§ **What you have to do**: Everything below from the line with "A turbina de aspiração não" through the line with "the Annapurna massif, showing" must be retyped exactly, except the pictures.

§ **Information**:
========================================================================

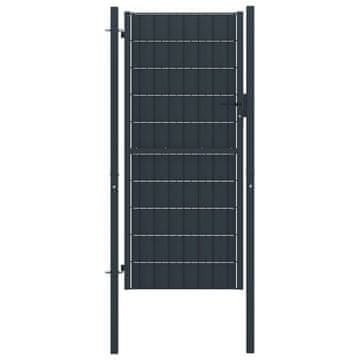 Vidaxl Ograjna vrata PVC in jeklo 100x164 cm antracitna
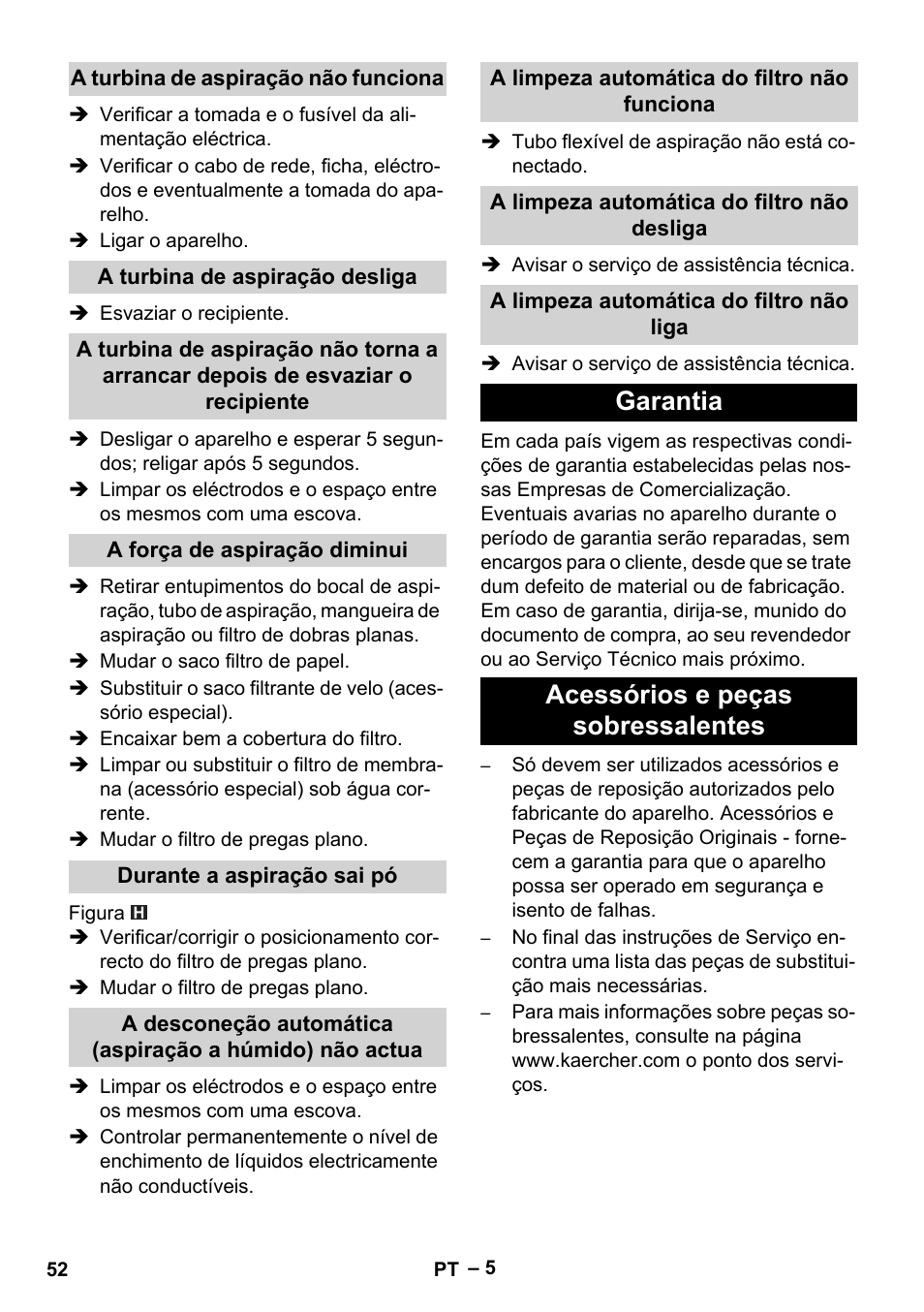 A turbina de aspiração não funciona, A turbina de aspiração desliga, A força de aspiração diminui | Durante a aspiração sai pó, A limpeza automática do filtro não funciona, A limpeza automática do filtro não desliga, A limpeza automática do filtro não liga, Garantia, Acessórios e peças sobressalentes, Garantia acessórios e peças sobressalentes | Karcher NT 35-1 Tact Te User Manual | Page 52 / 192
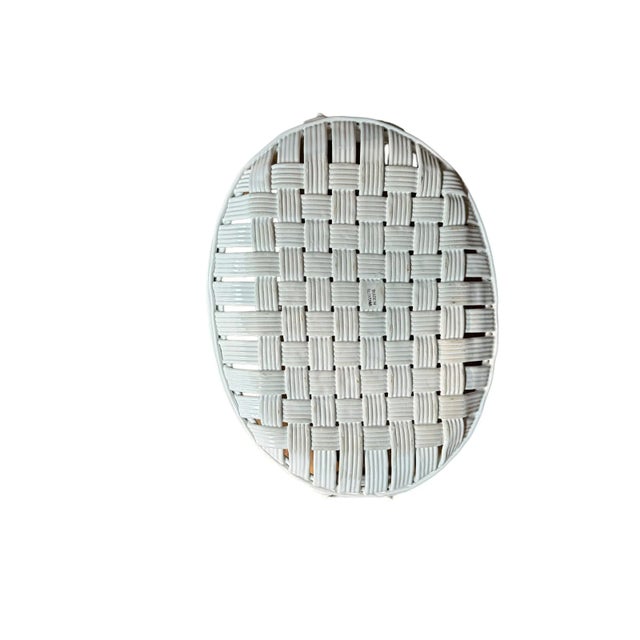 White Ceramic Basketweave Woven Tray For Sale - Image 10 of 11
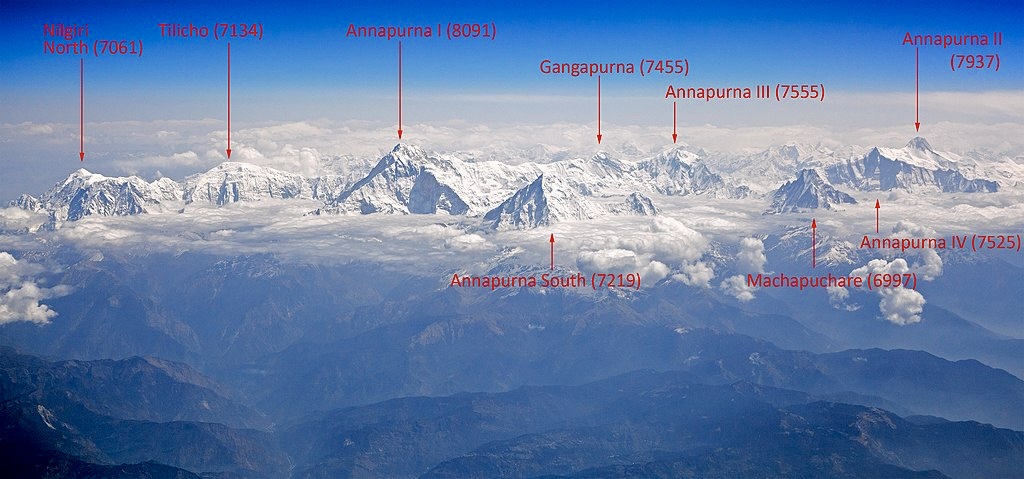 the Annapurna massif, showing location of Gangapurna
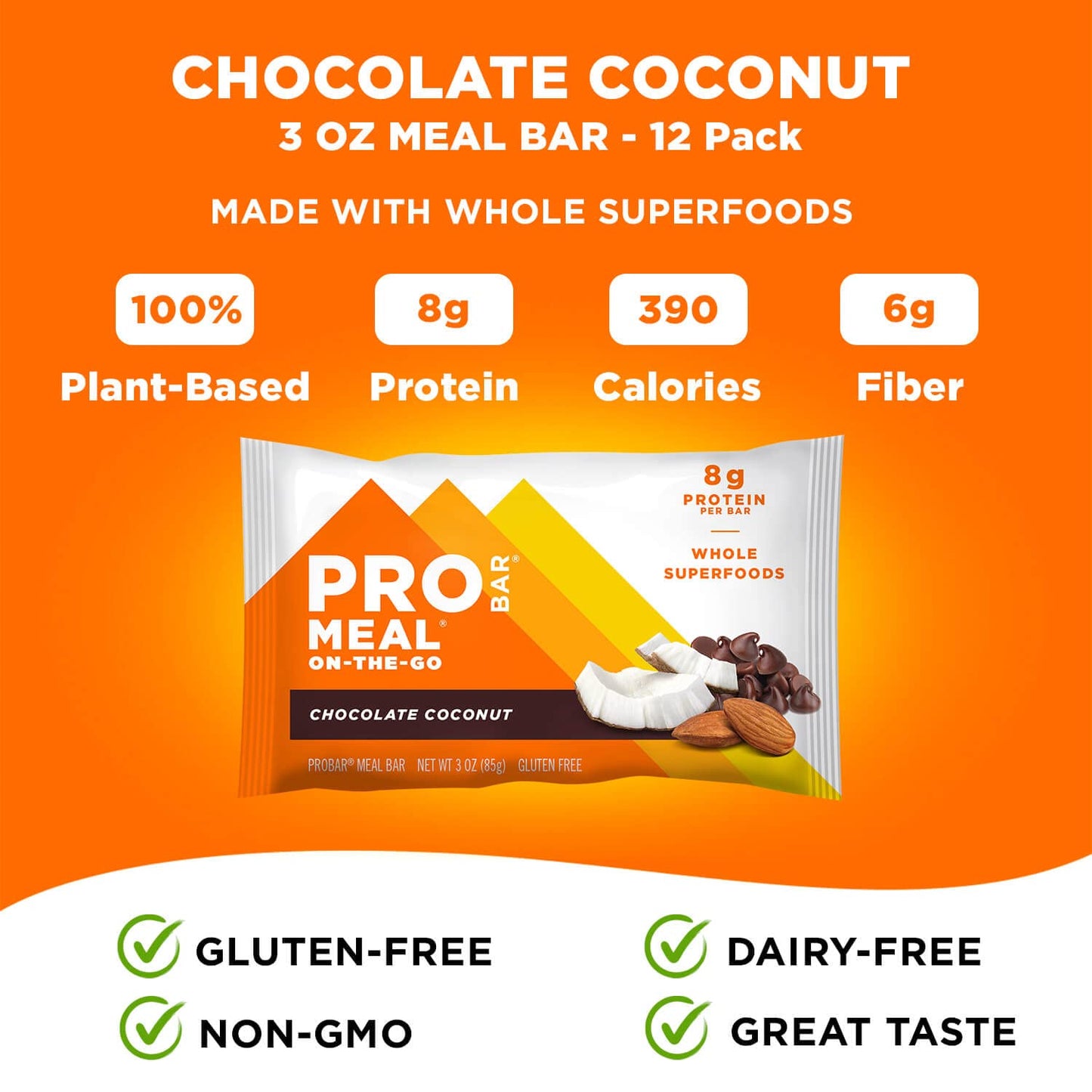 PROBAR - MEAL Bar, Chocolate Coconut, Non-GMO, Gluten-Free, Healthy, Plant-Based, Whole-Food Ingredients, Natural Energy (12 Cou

========================================================================

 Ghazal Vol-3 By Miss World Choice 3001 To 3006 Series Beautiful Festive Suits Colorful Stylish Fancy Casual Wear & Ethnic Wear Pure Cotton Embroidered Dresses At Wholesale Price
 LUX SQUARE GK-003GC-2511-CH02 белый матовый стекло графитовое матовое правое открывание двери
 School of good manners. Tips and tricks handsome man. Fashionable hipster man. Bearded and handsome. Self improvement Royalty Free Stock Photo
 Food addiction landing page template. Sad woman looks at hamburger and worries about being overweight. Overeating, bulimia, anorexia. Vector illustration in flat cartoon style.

========================================================================

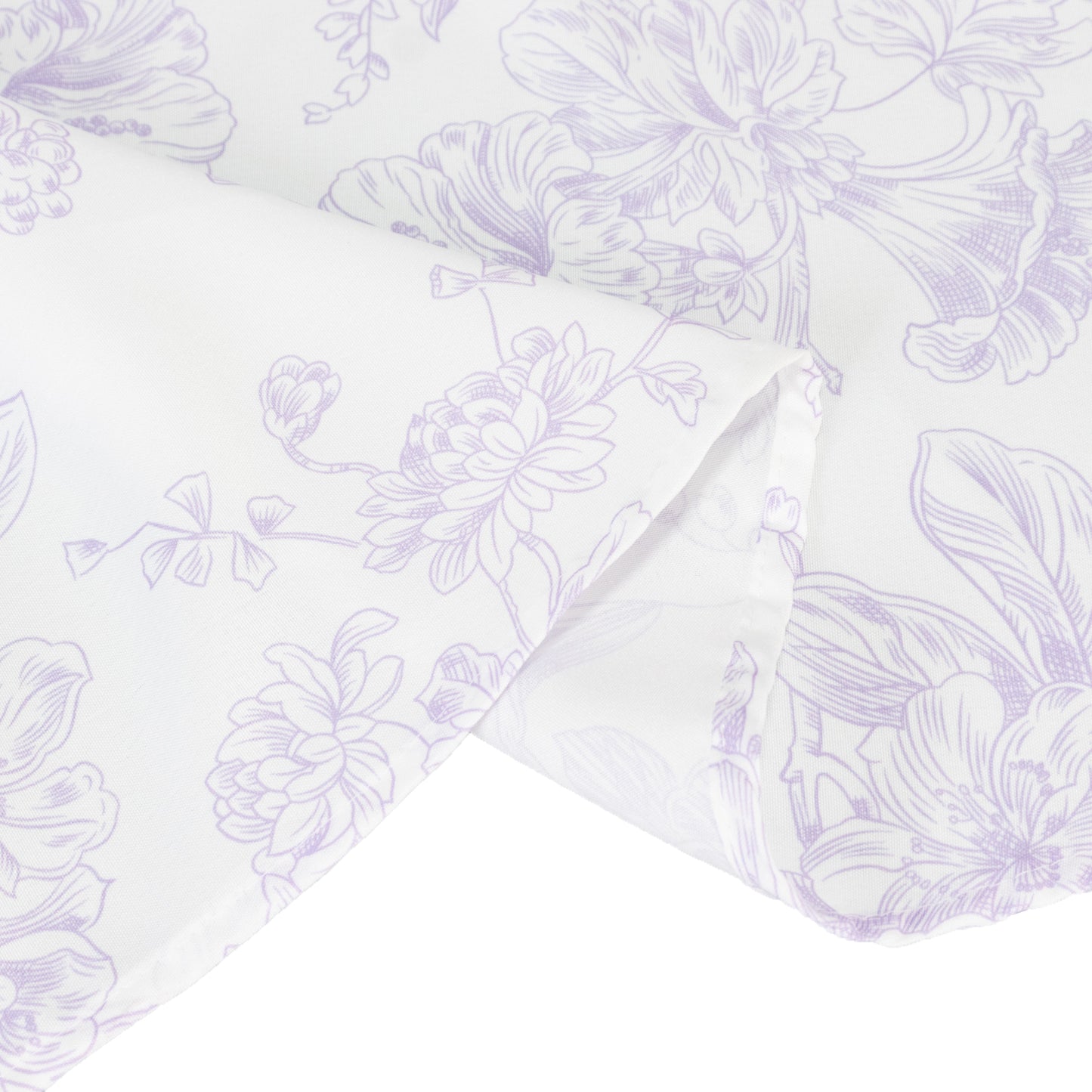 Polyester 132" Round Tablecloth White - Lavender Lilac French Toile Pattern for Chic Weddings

========================================================================

§ **Result of the exercise**:
 A turbina de aspiração não funciona, A turbina de aspiração desliga, A força de aspiração diminui | Durante a aspiração sai pó, A limpeza automática do filtro não funciona, A limpeza automática do filtro não desliga, A limpeza automática do filtro não liga, Garantia, Acessórios e peças sobressalentes, Garantia acessórios e peças sobressalentes | Karcher NT 35-1 Tact Te User Manual | Page 52 / 192
 White Ceramic Basketweave Woven Tray For Sale - Image 10 of 11
 the Annapurna massif, showing location of Gangapurna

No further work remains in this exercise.